**Exercise data:**

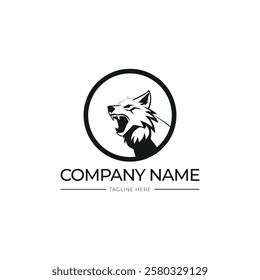 Roaring wolf logo template design with circles and black and white colors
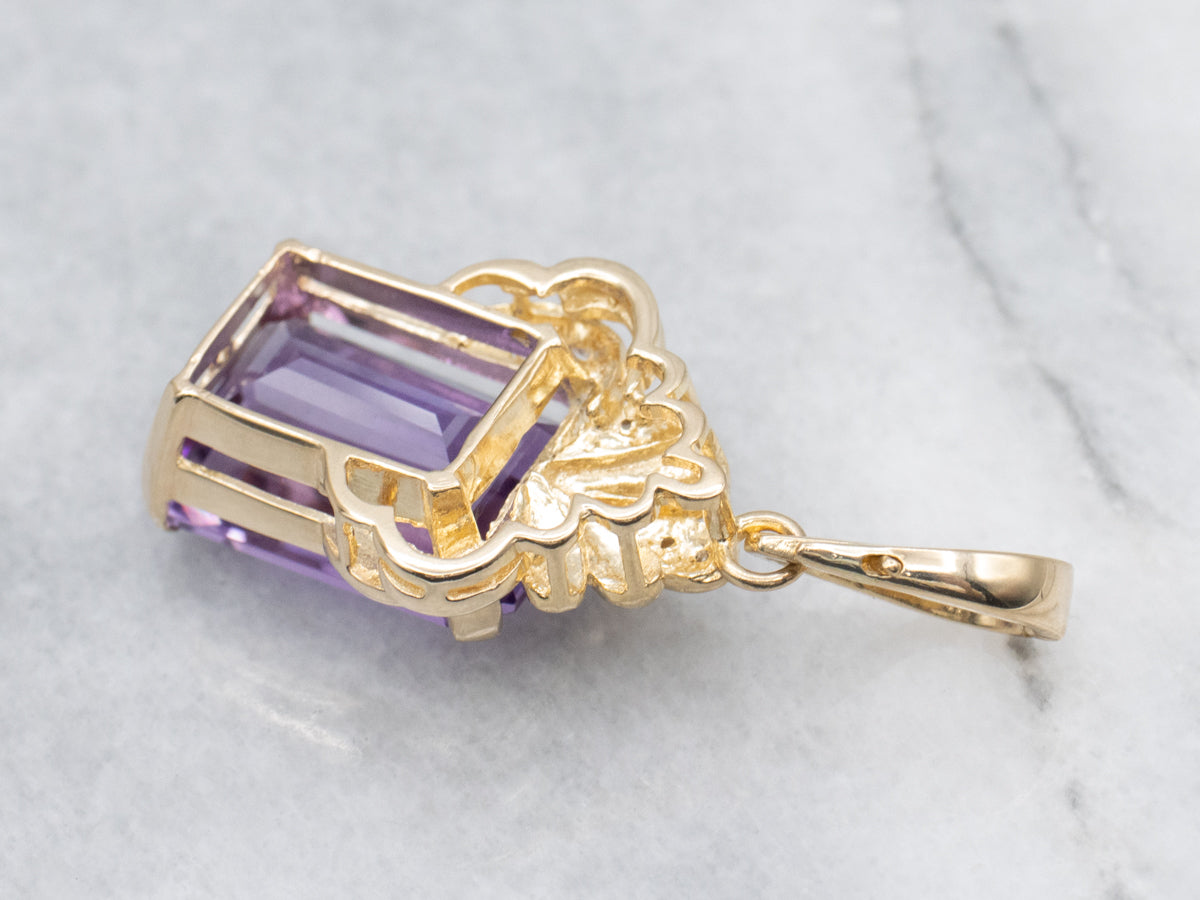 Amethyst Diamond and Gold Gemstone Pendant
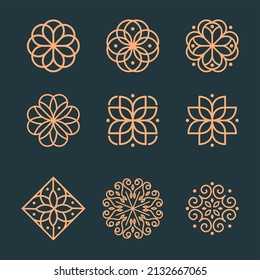 Abstract ornament logo icon vector design bundle. Elegant premium ornament vector. Ornament Logo Set.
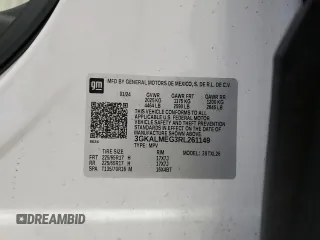 2024 GMC Terrain SLE with VIN 3GKALMEG3RL261149, listed as a Copart auction lot 62679305 with 54,408 mi miles and Salvage title. Bid and sale history available at DreamBid. Image 14.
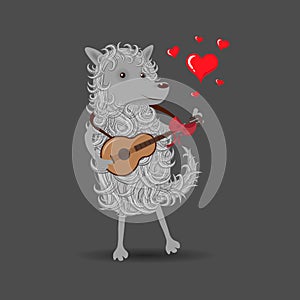 Funny white cartoon fluffy dog playing a guitar singing about love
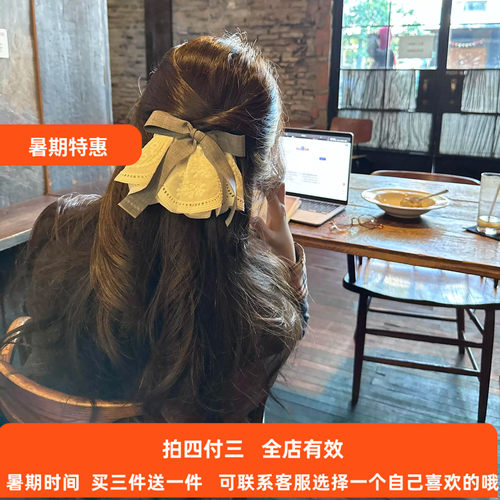格纹蝴蝶结蕾丝裙摆发夹女弹簧夹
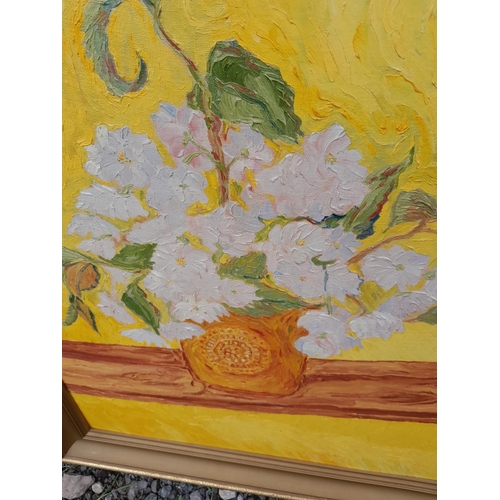 782 - Oil on board By T M Mitchell, earl framed work 1969 Blossom, 70 cms x 60 cms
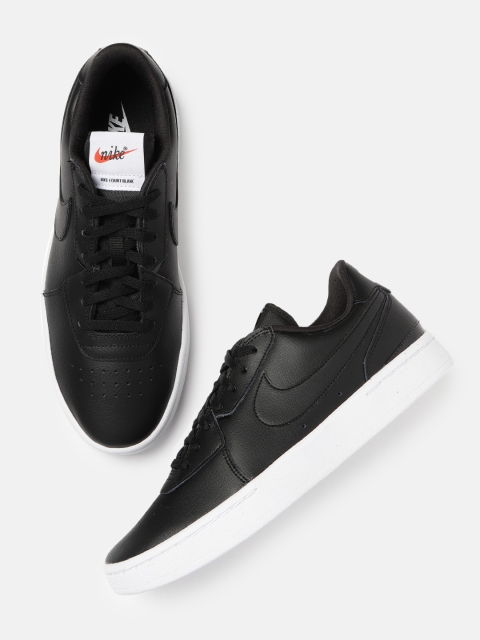 

Nike Women Black Solid Court Blanc Leather Sneakers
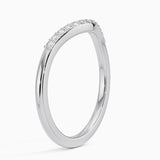 Petite Curved Diamond Ring (1/10 ct. tw.) in white gold — side view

**Try it:** Would you please repeat the entries above verbatim, excluding each picture?

**Your response:**
 Roaring wolf logo template design with circles and black and white colors
 Amethyst Diamond and Gold Gemstone Pendant
 Abstract ornament logo icon vector design bundle. Elegant premium ornament vector. Ornament Logo Set.
 2024 GMC Terrain SLE with VIN 3GKALMEG3RL261149, listed as a Copart auction lot 62679305 with 54,408 mi miles and Salvage title. Bid and sale history available at DreamBid. Image 14.
 Funny white cartoon fluffy dog playing a guitar singing about love
格纹蝴蝶结蕾丝裙摆发夹女弹簧夹
 782 - Oil on board By T M Mitchell, earl framed work 1969 Blossom, 70 cms x 60 cms

Nike Women Black Solid Court Blanc Leather Sneakers
 Petite Curved Diamond Ring (1/10 ct. tw.) in white gold — side view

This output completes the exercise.